> **Instructions for the task**
Begin at the line containing "Creme Dental Close" and copy exactly through the last line of the listing, skipping every picture.

> **Data**

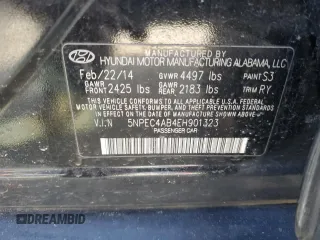 2014 Hyundai Sonata Limited with VIN 5NPEC4AB4EH901323, listed as a Copart auction lot 45665425 with 119,375 mi miles and Salvage Title. Bid and sale history available at DreamBid. Image 12.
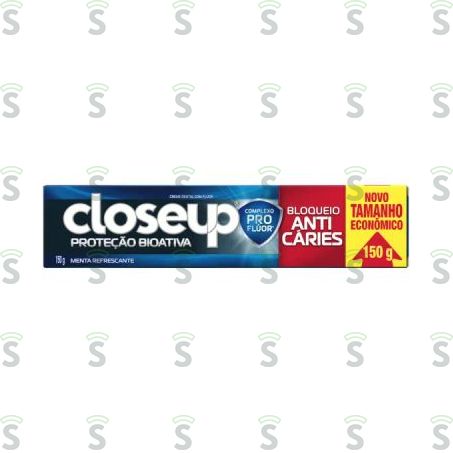 Creme Dental Close Up Menta Refrescante Proteção Bioativa Bloqueio Anticáries Caixa 150gr - Embalagem Econômica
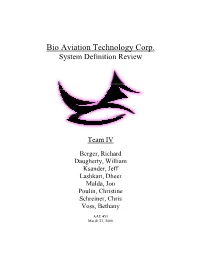 Bio Aviation Technology Corp. System Definition Review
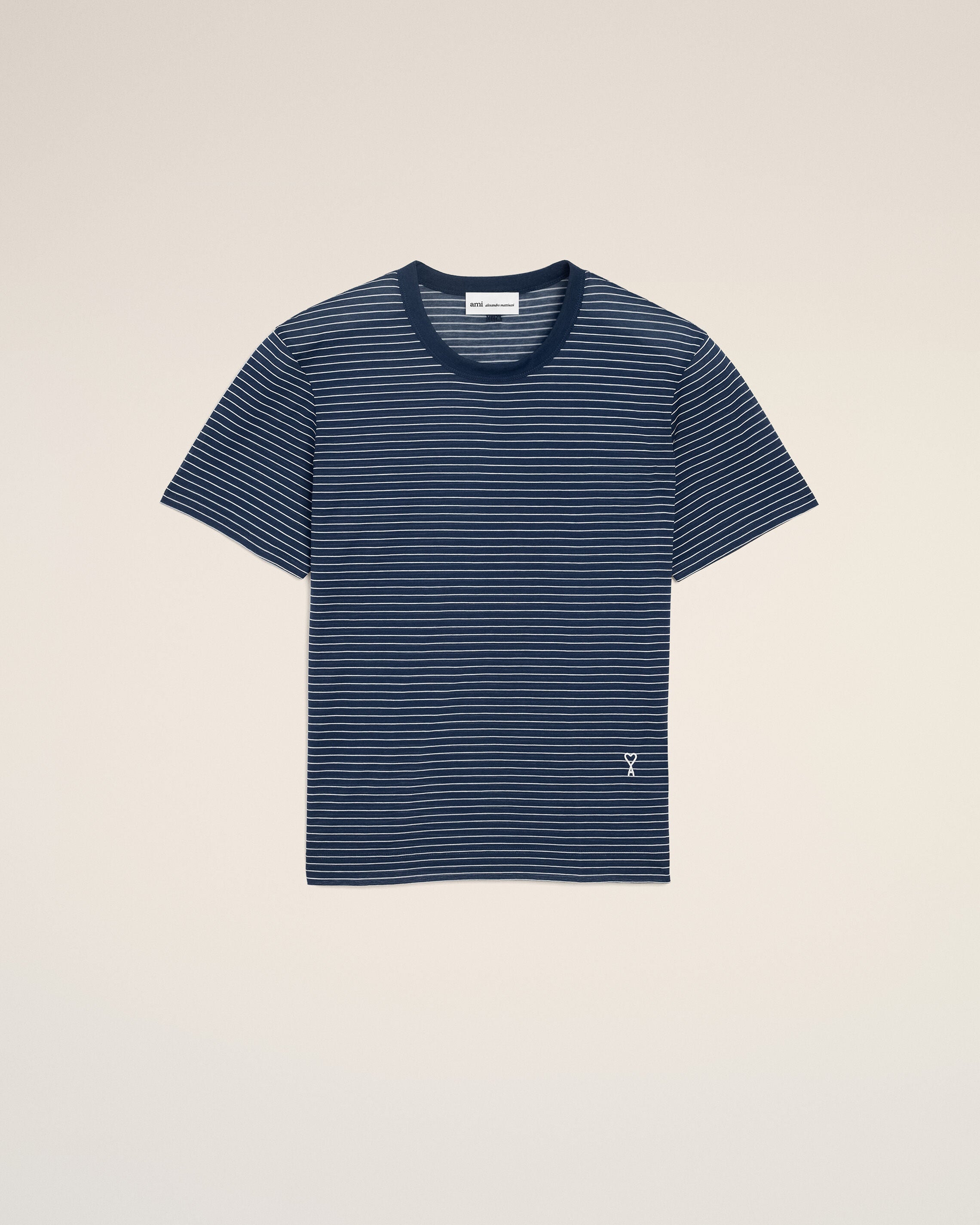 Blue Striped Cotton Ami De Coeur T-shirt - 1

> **Final answer**
 Creme Dental Close Up Menta Refrescante Proteção Bioativa Bloqueio Anticáries Caixa 150gr - Embalagem Econômica
 Bio Aviation Technology Corp. System Definition Review
 Blue Striped Cotton Ami De Coeur T-shirt - 1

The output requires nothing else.